▶ _Supplied data_
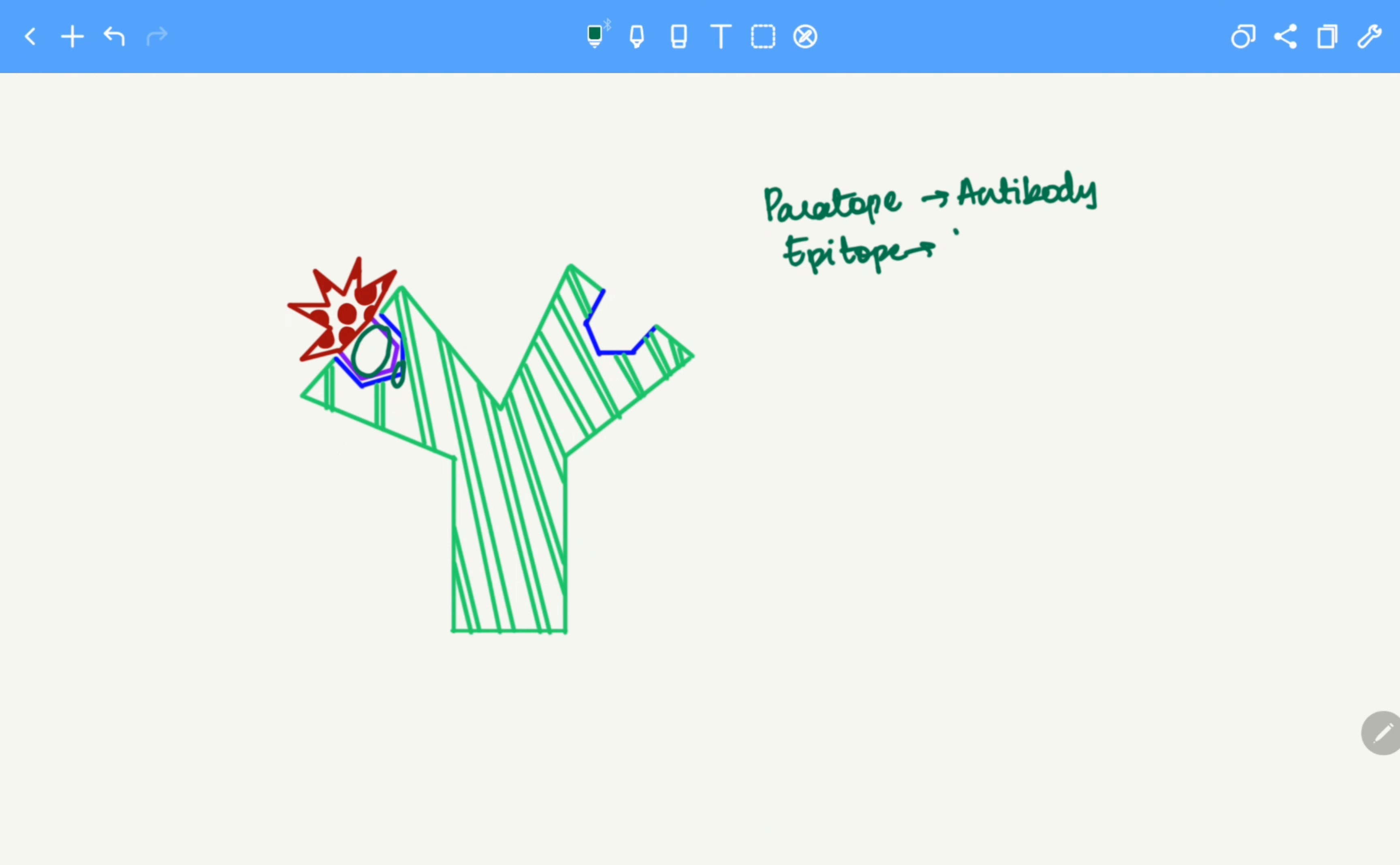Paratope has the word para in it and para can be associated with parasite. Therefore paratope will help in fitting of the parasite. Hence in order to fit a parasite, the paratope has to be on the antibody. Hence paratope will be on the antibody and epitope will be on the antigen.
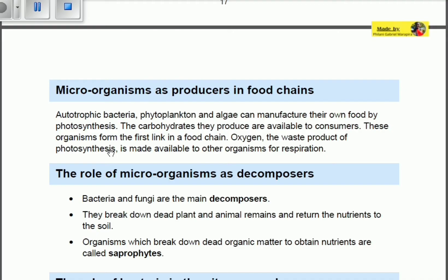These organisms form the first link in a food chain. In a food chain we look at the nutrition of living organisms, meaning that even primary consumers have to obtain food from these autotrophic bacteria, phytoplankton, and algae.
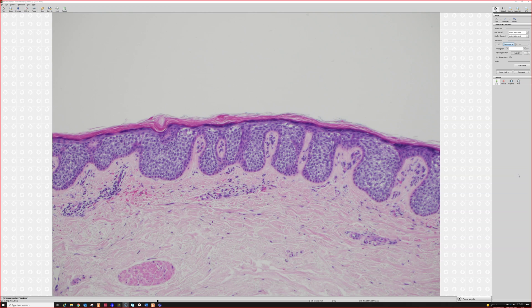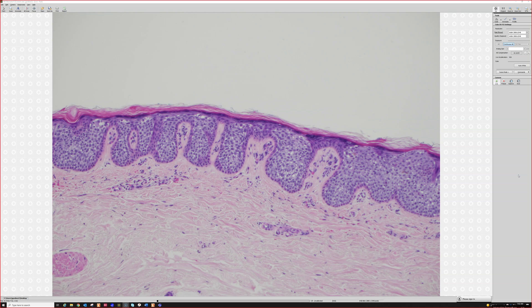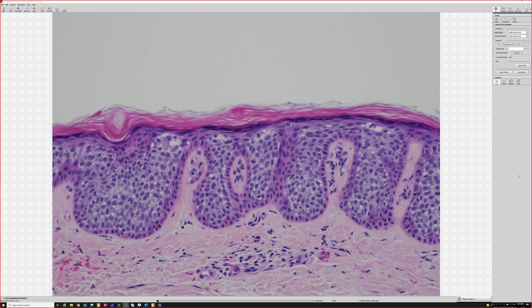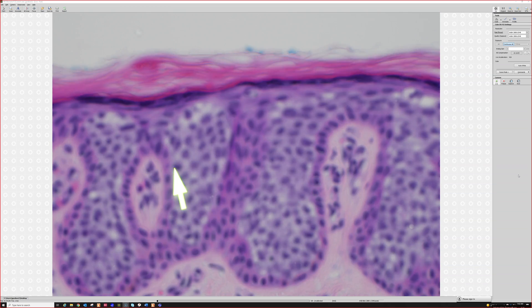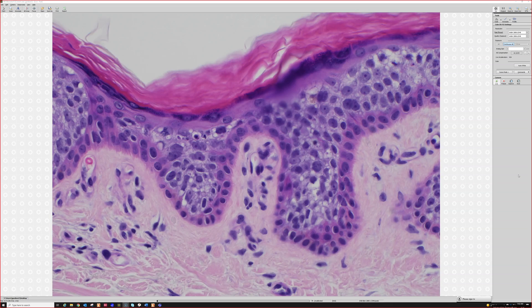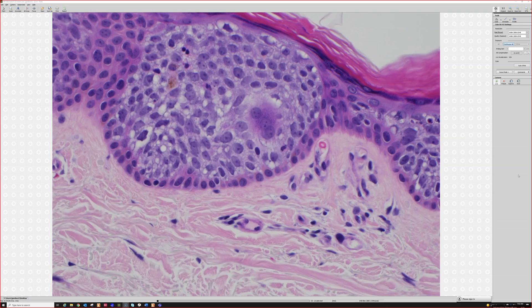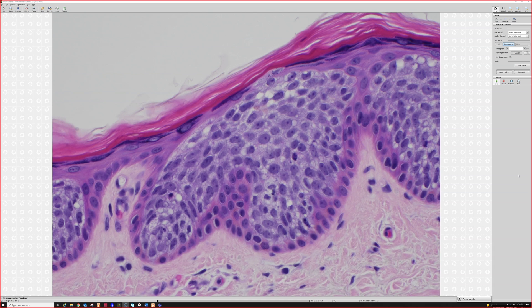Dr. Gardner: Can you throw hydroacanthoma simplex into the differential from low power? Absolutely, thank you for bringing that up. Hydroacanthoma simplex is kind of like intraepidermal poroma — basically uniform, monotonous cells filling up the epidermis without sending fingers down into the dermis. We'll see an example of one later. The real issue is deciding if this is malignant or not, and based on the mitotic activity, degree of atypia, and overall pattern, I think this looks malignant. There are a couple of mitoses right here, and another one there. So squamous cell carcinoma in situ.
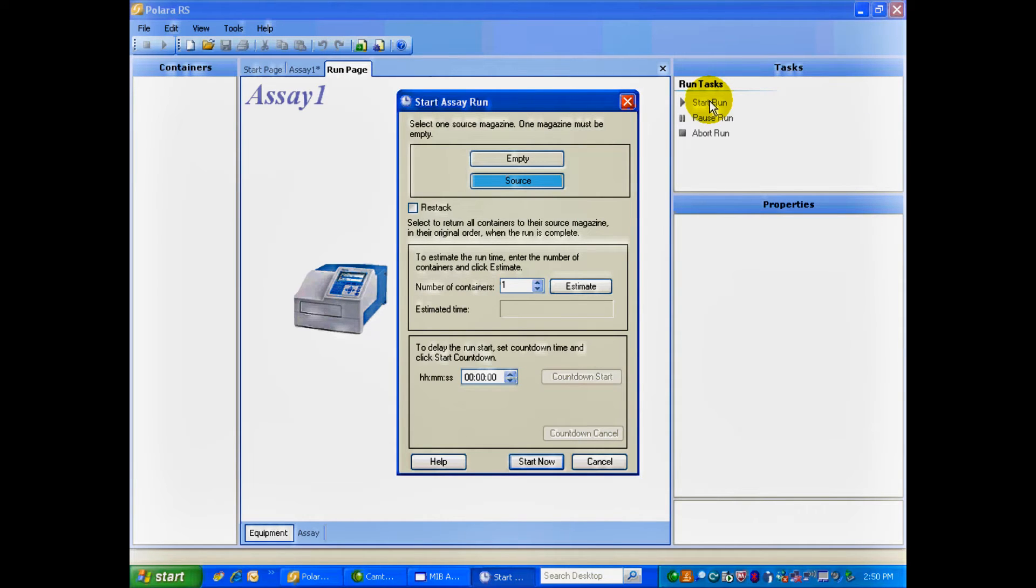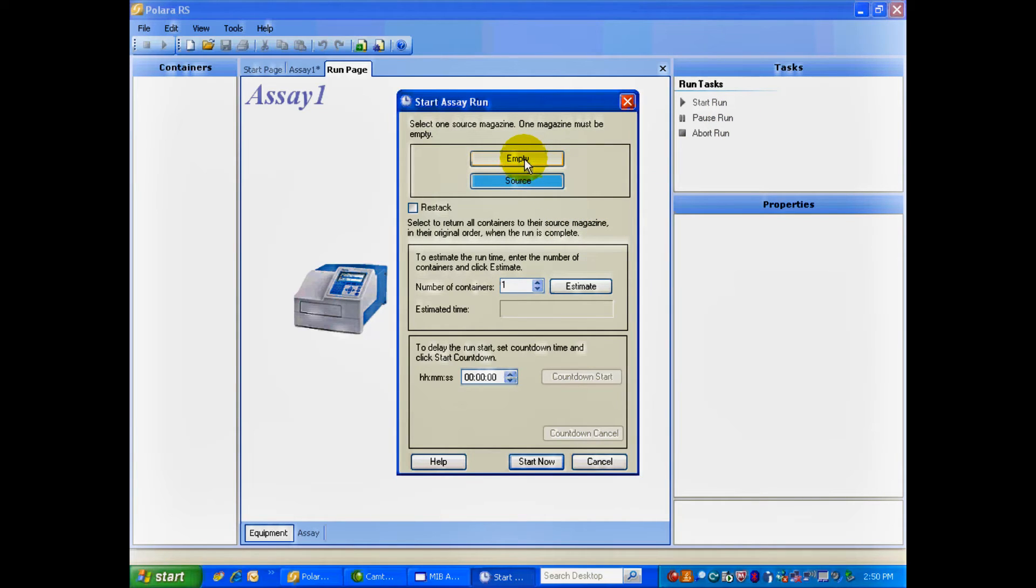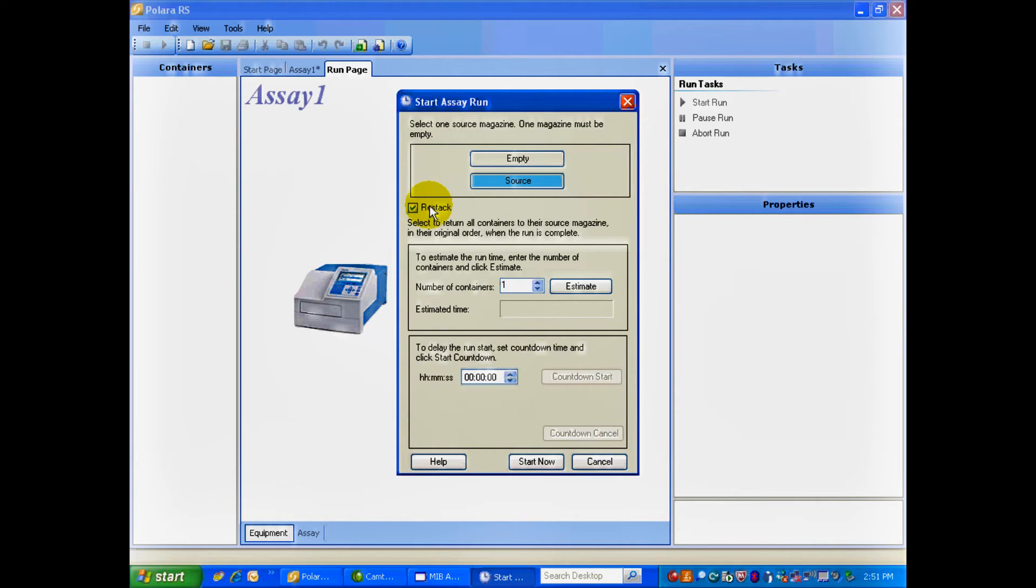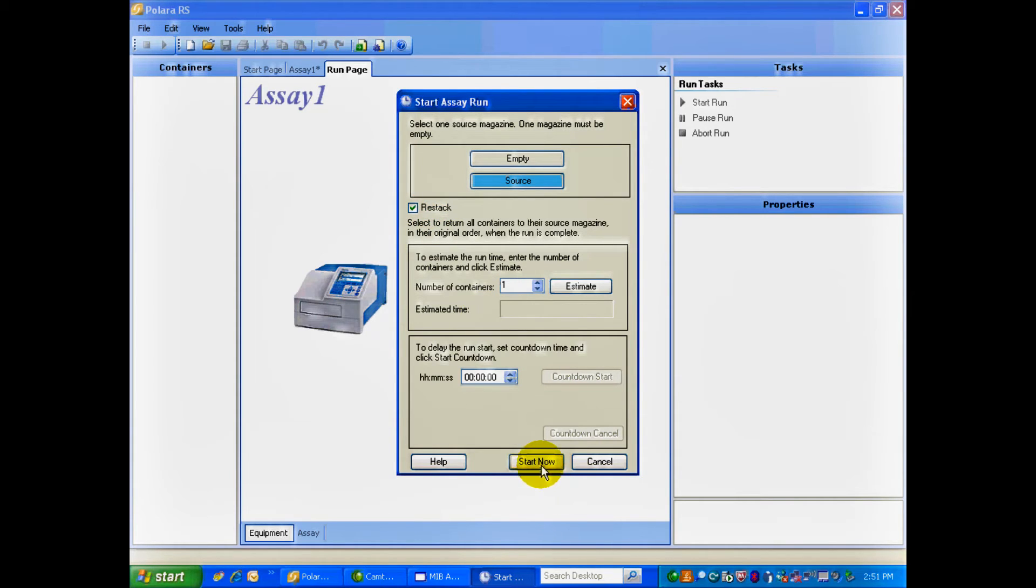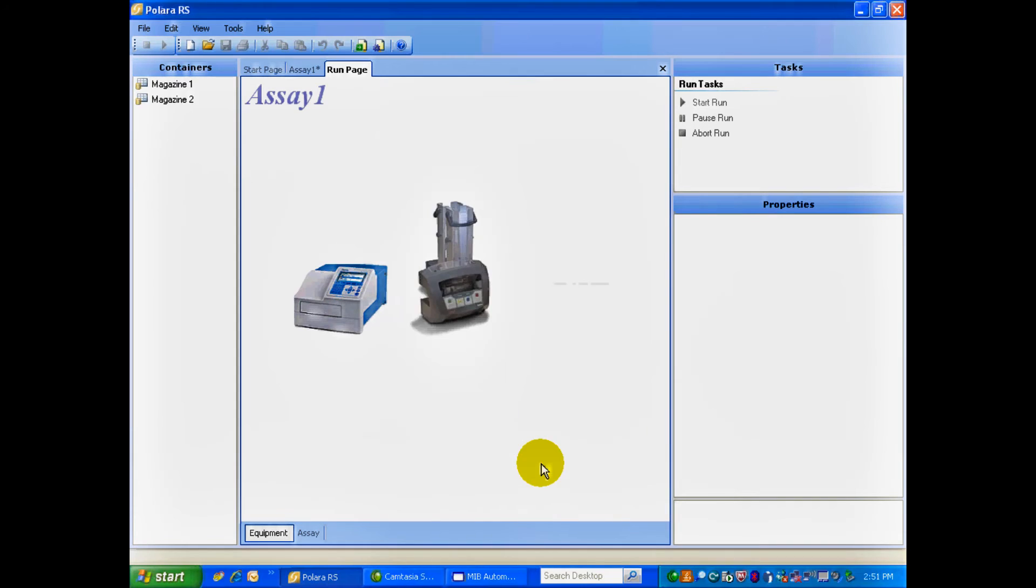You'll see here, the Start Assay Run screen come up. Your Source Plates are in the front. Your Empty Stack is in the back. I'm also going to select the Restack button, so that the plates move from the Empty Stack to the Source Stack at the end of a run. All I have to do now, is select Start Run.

▶ _Task directions_
Return, exactly as they stand, all of the lines above, but not the pictures.

▶ _Response to this exercise_
Paratope has the word para in it and para can be associated with parasite. Therefore paratope will help in fitting of the parasite. Hence in order to fit a parasite, the paratope has to be on the antibody. Hence paratope will be on the antibody and epitope will be on the antigen.
These organisms form the first link in a food chain. In a food chain we look at the nutrition of living organisms, meaning that even primary consumers have to obtain food from these autotrophic bacteria, phytoplankton, and algae.
Dr. Gardner: Can you throw hydroacanthoma simplex into the differential from low power? Absolutely, thank you for bringing that up. Hydroacanthoma simplex is kind of like intraepidermal poroma — basically uniform, monotonous cells filling up the epidermis without sending fingers down into the dermis. We'll see an example of one later. The real issue is deciding if this is malignant or not, and based on the mitotic activity, degree of atypia, and overall pattern, I think this looks malignant. There are a couple of mitoses right here, and another one there. So squamous cell carcinoma in situ.
You'll see here, the Start Assay Run screen come up. Your Source Plates are in the front. Your Empty Stack is in the back. I'm also going to select the Restack button, so that the plates move from the Empty Stack to the Source Stack at the end of a run. All I have to do now, is select Start Run.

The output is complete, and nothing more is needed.